O comandante da Marinha, almirante Marcos Sampaio Olsen, classificou os atos golpistas de 8 de janeiro de 2023 como um “acontecimento lamentável” e afirmou que o episódio evidenciou a capacidade das instituições brasileiras de responder à crise dentro dos marcos constitucionais.
Questionado sobre a permanência da influência política no ambiente militar, Olsen afirmou que ainda não é possível dizer que ela tenha sido completamente superada. “Não posso dizer isso, mas há um avanço, se considerarmos em relação à situação que culminou no 8 de janeiro de 2023, pela postura das forças”, declarou.
O comandante atribuiu parte desse avanço ao trabalho do ministro da Defesa, José Múcio, a quem creditou a missão de “contemporizar os ânimos” e contribuir para o realinhamento das Forças Armadas após a crise institucional.

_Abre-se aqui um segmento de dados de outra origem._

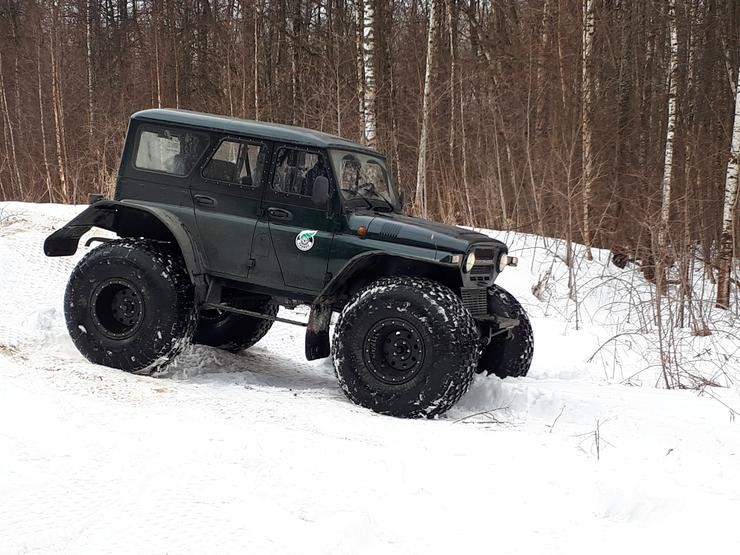 Тест-драйв вездехода «Трэкол»: как превратить UAZ Hunter в танк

Olsen reiterou ainda que “discussões político-partidárias são incongruentes com o papel das Forças Armadas”.
Na avaliação de Olsen, a atividade militar é incompatível com a participação em disputas político-eleitorais, razão pela qual considera necessária uma separação definitiva entre as duas esferas.
O comandante também abordou a situação financeira da Defesa e afirmou que o principal problema não é apenas o volume de recursos, mas a ausência de previsibilidade para a execução de contratos de longo prazo. “O setor de defesa se ressente de uma adequação orçamentária e, particularmente, de previsibilidade orçamentária”, afirmou.
Segundo Olsen, a baixa percepção da sociedade sobre ameaças à segurança nacional influencia as decisões políticas e orçamentárias, produzindo uma “mentalidade bastante acanhada de defesa”.
Entre os projetos prejudicados pela instabilidade orçamentária está o submarino brasileiro de propulsão nuclear, considerado a principal iniciativa estratégica da Marinha.
Desenvolvido em parceria com a França desde o fim dos anos 2000, o programa teve seu cronograma sucessivamente adiado. A entrega, inicialmente prevista para meados da década de 2020, agora está estimada para 2038.
Outros programas das Forças Armadas, como a aquisição de caças e o sistema de monitoramento de fronteiras do Exército, também sofreram atrasos em razão da falta de previsibilidade orçamentária.